*** Supplied material ***
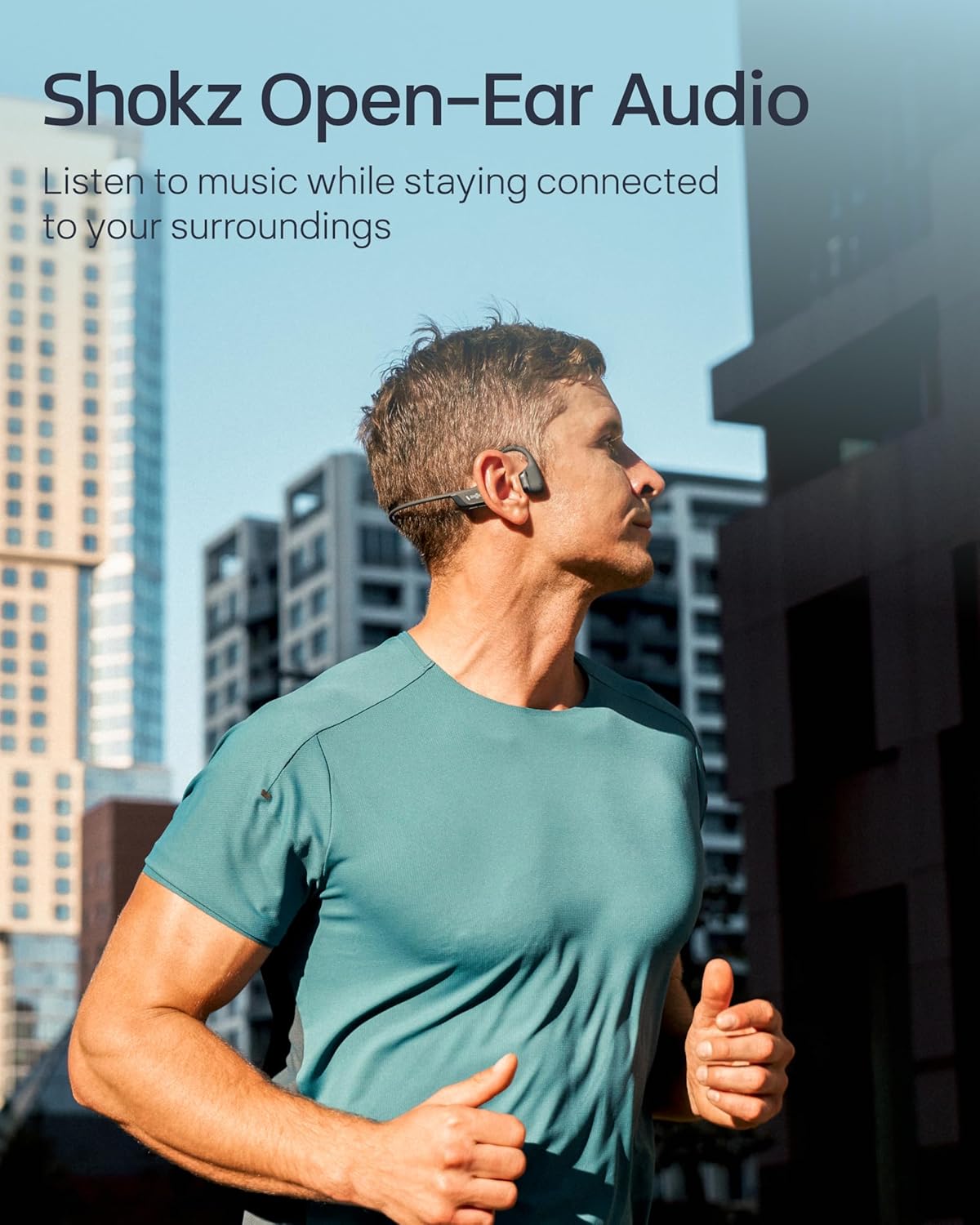 SHOKZ New OpenRun Pro 2- Bone Conduction Headphones, Open-Ear Bluetooth Wireless Sport Earphones for Running, Workouts - Sweat Resistant, Secure Comfortable Fit -Deep Bass, Smart Mic, Reflective Strip - Image 6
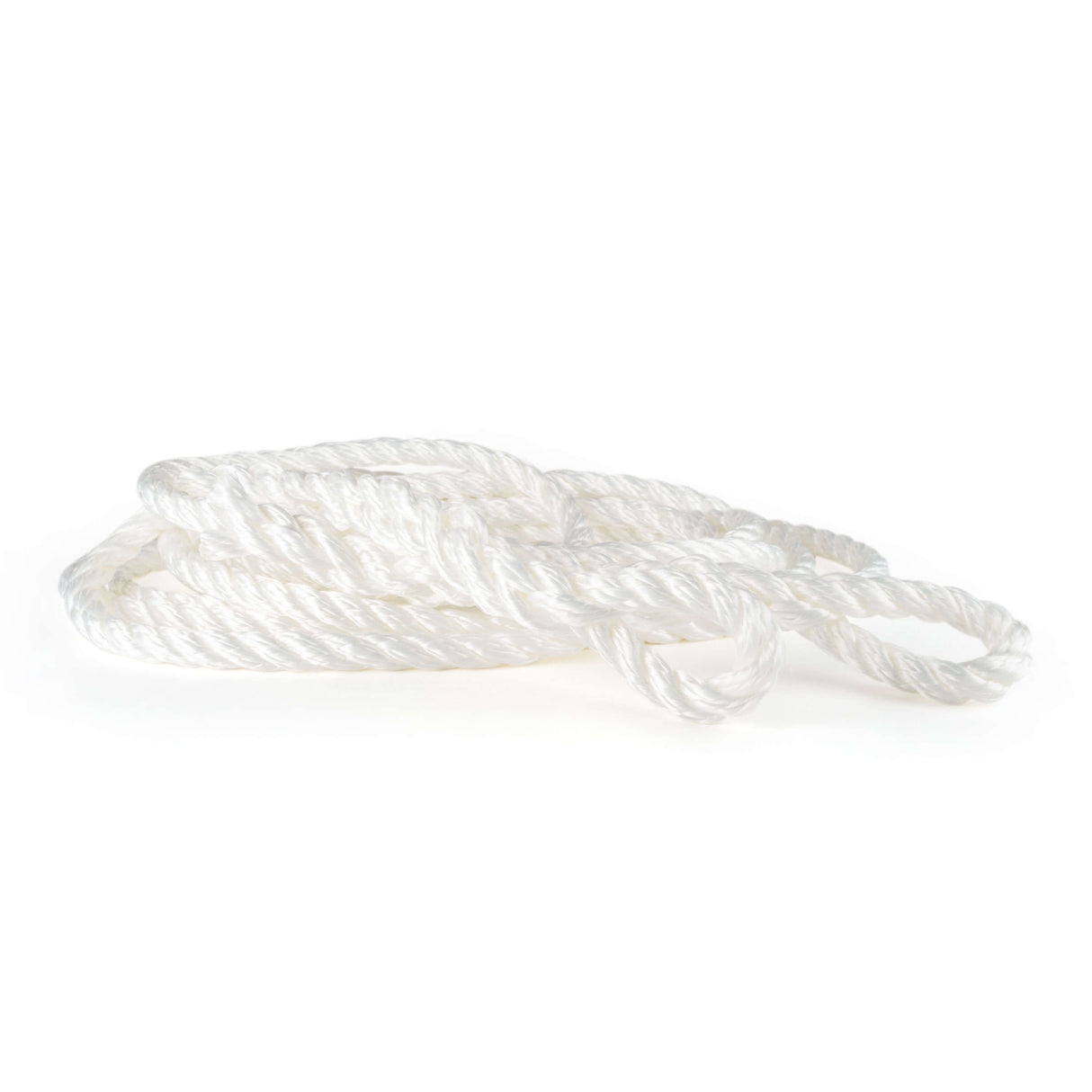 A coiled white kinetic towing rope with a diameter of 14 mm.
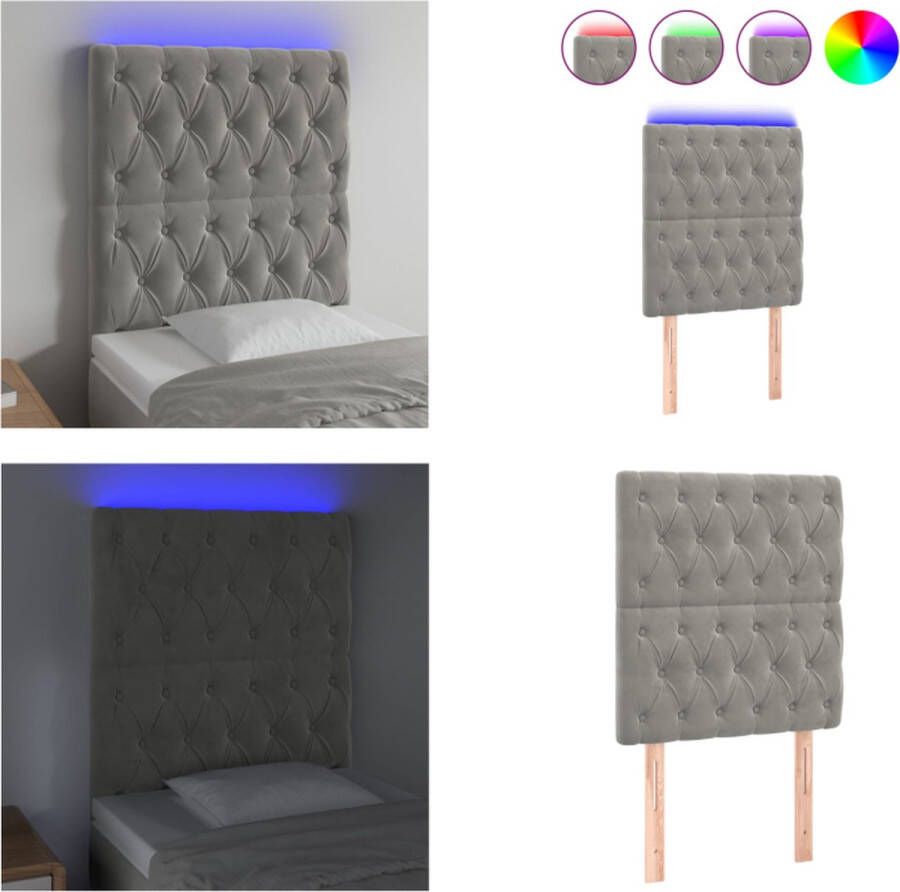VidaXL Hoofdbord LED 80x7x118 128 cm fluweel lichtgrijs Hoofdbord Hoofdborden Hoofdeinde Houten Hoofdbord - Foto 2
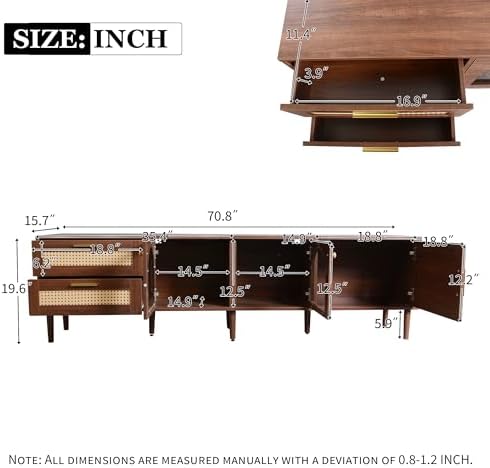 Merax Rattan TV Stand with LED Lights - Image 2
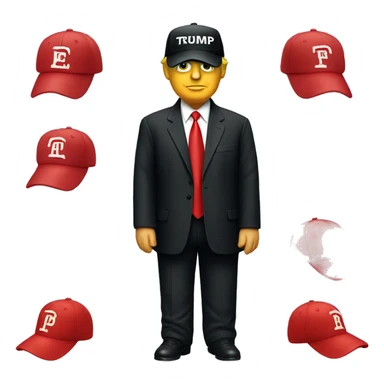a single emoji of donald trump black suit, red tie, and red baseball cap sticker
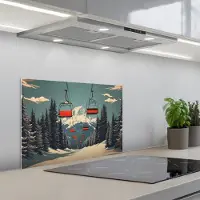 KitchenYeah Spatscherm 60x40 cm - Zelfklevende achterwand Sneeuw - Skilift - Rood - Bomen - Keuken muurbeschermer - Spatwand fornuis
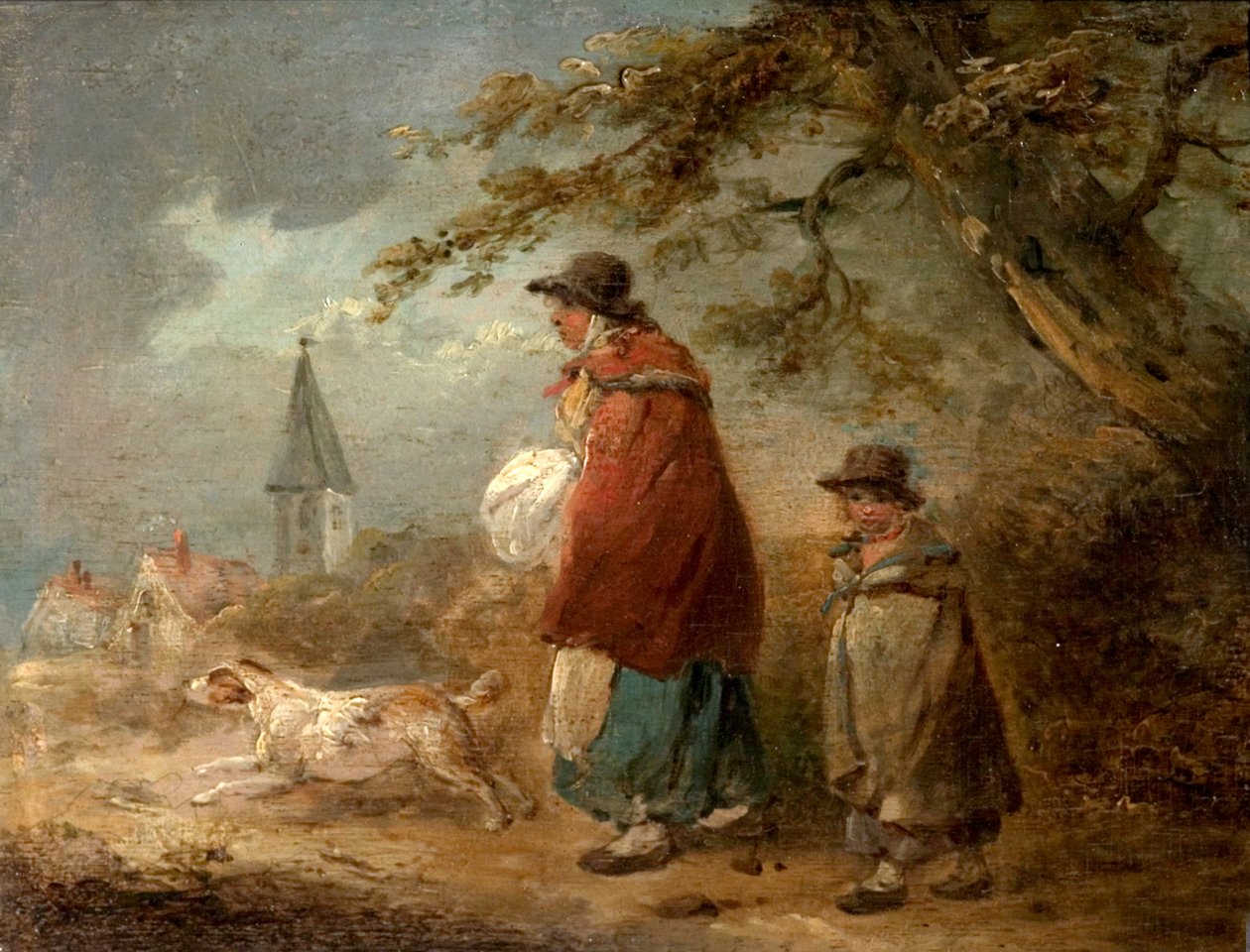 Mulher, criança e cachorro em uma estrada de George Morland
*** End of Supplied material ***
Try it » Transcribe exactly the lines from the one containing "A coiled white" through the last line of the records above, and nothing else. Leave out the pictures.

Answer space »
 A coiled white kinetic towing rope with a diameter of 14 mm.
VidaXL Hoofdbord LED 80x7x118 128 cm fluweel lichtgrijs Hoofdbord Hoofdborden Hoofdeinde Houten Hoofdbord - Foto 2
 Merax Rattan TV Stand with LED Lights - Image 2
a single emoji of donald trump black suit, red tie, and red baseball cap sticker
 KitchenYeah Spatscherm 60x40 cm - Zelfklevende achterwand Sneeuw - Skilift - Rood - Bomen - Keuken muurbeschermer - Spatwand fornuis
 Mulher, criança e cachorro em uma estrada de George Morland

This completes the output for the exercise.